Archive for the 'Mathematics' Category


mingling in the multiverse: science, the infinite, & the sublime.



First of all, I’m no scientist, so all apologies if any of my scientific logic or resulting speculations are faulty.

Scientific American sent me a supplement on Parallel Universes the other day, and because of this supplement I have had an epiphany–physics and cosmology are terrifying. The article reminded me of Borges’ Library of Babel or Garden of Forking Paths (and according to Zachary Mason, author of Lost Books of the Odyssey, in an interview on BLDGBlog, Borges is a favorite of a “disproportionately many well-read scientists.”) Even accepting that science has become much more probabilistic in the 20th and 21st centuries, and that science and fiction have long had a mutually constructive relationship, it is stunning how much these descriptions of the multiverse are reminiscent of fiction and art concerned with the infinite or the sublime.

In this article I learned that we can assume space is “infinite (or at least sufficiently large) in size and almost uniformly filled with matter, as observations indicate.” According to the article, with these basic assumptions it is a small step to make the claim that “even the most unlikely events must take place somewhere,” which is to say everything that could possibly happen has happened somewhere in the infinite spread of space.

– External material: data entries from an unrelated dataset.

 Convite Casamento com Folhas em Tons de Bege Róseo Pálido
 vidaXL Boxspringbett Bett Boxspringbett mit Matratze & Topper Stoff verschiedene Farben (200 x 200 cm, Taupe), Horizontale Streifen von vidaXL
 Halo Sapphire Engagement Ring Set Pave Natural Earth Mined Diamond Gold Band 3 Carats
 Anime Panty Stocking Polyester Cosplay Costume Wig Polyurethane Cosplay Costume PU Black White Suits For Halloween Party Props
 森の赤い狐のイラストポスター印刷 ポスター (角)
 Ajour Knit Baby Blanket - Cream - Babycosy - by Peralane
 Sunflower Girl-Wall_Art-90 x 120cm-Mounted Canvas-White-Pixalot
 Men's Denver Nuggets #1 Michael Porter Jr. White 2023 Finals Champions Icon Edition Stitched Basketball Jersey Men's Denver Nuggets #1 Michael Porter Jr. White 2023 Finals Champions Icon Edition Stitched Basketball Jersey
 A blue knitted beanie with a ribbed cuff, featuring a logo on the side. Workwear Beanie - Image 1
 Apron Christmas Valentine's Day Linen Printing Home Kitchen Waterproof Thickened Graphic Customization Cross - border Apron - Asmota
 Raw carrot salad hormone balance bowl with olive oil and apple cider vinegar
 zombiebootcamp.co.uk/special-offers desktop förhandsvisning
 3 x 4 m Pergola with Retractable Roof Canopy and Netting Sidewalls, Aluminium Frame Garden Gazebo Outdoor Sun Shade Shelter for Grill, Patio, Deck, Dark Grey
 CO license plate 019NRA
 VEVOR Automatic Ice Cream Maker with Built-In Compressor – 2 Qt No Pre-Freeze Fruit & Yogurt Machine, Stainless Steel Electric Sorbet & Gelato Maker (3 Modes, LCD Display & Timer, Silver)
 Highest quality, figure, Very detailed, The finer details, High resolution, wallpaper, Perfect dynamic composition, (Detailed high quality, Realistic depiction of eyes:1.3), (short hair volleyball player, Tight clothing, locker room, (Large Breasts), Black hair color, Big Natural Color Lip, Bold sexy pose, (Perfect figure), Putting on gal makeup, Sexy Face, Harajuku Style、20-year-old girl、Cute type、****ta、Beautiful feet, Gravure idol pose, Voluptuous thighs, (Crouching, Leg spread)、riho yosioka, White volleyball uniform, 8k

From there the article describes the various theories of the multiverse. The first has the multiple universes have been constituted and spread around by the big bang “with a degree of randomness, generating all possible arrangements with nonzero probability.” Since our universe is assumed to be typical, there is probably a high density of them in space, so they can say that your closest identical copy is about 10 to the 10 to the 28 meters away. In the space in between we could speculate that there are innumerable nearly identical copies. According to this theory we are, ourselves, a sort of book in the library of babel—an empty “box” with infinite permutations of content stretching out on every spatial axis toward infinity. I imagine a Borges story about an immortal man trying to find his exact double. Or a Nabokov story about a mortal man who tries to kill his double for the insurance money.

Another theory have each universe as a bubble floating in a nearly empty volume. Infinitely many other bubbles exist floating in this volume, in an infinite number of configurations, but have spread, “[nucleating] like raindrops in a cloud.” This volume they are floating in is expanding faster than the speed of light, so it is a cloud that is essentially infinitely large—we could travel at the speed of light forever and never reach another multiverse. We are alone in a void. Nietzsche would be thrilled.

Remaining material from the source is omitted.